Tambang Emas Ilegal di Airu Disorot, Masyarakat Nilai Aparat Belum Bertindak Tegas

Bagikan berita ini

Jayapura,HonaiPapua.com, -Aktivitas pertambangan emas ilegal di Distrik Airu, Kabupaten Jayapura, kembali menjadi sorotan publik. Seorang pengusaha tambang bernama Muchtar Karindu diduga telah menjalankan operasi penambangan tanpa izin selama bertahun-tahun, namun hingga kini belum tersentuh proses hukum.

Oplus_131072

Warga setempat, khususnya di Kampung Naira, mengungkapkan bahwa aktivitas penambangan dilakukan secara terbuka dengan menggunakan alat berat seperti ekskavator. Praktik tersebut diduga berlangsung tanpa mengantongi izin resmi dari pemerintah dan terus berjalan meski menimbulkan dampak lingkungan yang signifikan.
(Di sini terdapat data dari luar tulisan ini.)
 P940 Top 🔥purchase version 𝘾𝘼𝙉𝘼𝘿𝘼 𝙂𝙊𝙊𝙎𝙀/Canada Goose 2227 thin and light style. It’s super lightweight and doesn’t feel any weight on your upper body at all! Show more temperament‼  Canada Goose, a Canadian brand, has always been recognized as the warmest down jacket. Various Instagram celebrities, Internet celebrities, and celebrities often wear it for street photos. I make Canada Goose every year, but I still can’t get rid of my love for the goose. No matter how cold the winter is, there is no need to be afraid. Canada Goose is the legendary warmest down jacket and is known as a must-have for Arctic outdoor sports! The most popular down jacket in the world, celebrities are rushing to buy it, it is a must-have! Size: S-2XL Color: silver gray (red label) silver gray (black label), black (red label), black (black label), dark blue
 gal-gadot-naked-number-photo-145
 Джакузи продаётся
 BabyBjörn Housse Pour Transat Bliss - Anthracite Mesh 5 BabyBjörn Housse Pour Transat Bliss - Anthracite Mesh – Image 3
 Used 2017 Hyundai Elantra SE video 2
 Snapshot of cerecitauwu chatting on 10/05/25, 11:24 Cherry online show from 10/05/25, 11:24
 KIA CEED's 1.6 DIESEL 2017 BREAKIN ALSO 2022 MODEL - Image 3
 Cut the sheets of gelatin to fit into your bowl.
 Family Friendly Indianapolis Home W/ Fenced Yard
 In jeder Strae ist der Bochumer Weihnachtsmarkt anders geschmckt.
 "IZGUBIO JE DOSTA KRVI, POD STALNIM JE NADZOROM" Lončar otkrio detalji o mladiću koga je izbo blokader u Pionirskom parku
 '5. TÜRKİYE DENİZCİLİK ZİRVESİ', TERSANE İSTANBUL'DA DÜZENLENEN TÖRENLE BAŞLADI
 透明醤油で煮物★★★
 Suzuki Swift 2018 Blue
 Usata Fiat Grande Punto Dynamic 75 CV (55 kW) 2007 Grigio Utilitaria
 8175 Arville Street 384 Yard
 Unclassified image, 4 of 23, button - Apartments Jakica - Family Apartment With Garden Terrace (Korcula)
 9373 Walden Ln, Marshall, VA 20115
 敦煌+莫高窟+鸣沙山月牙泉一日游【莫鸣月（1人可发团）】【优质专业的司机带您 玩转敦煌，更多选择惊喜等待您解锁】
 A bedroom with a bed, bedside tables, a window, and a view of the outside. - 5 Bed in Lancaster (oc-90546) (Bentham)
“Kami sudah lama melihat aktivitas ini. Sungai yang dulu jernih sekarang keruh, hutan mulai rusak, dan satwa semakin berkurang. Kami khawatir dampaknya akan semakin besar ke depan,” ujar salah satu warga yang meminta identitasnya dirahasiakan.

Masyarakat pun mempertanyakan kinerja aparat penegak hukum, khususnya Polda Papua, yang dinilai belum mengambil langkah konkret dalam menghentikan aktivitas tambang ilegal tersebut. Mereka mendesak agar Direktorat Reserse Kriminal Khusus (Ditreskrimsus), khususnya Subdit Tindak Pidana Tertentu (Tipidter), segera melakukan penindakan.

Selain itu, warga juga menyoroti peran instansi terkait seperti Gakkum Lingkungan Hidup dan Kehutanan (LHK) yang seharusnya turut melakukan pengawasan dan penegakan hukum terhadap aktivitas yang merusak ekosistem.

Secara hukum, aktivitas pertambangan tanpa izin merupakan pelanggaran serius. Berdasarkan Undang-Undang Nomor 3 Tahun 2020 tentang Pertambangan Mineral dan Batubara (Minerba), pelaku pertambangan ilegal dapat dikenakan pidana penjara maksimal 5 tahun dan denda hingga Rp100 miliar. Sementara itu, Undang-Undang Nomor 32 Tahun 2009 tentang Perlindungan dan Pengelolaan Lingkungan Hidup juga mengatur sanksi pidana bagi pelaku perusakan lingkungan, dengan ancaman penjara hingga 10 tahun dan denda maksimal Rp10 miliar.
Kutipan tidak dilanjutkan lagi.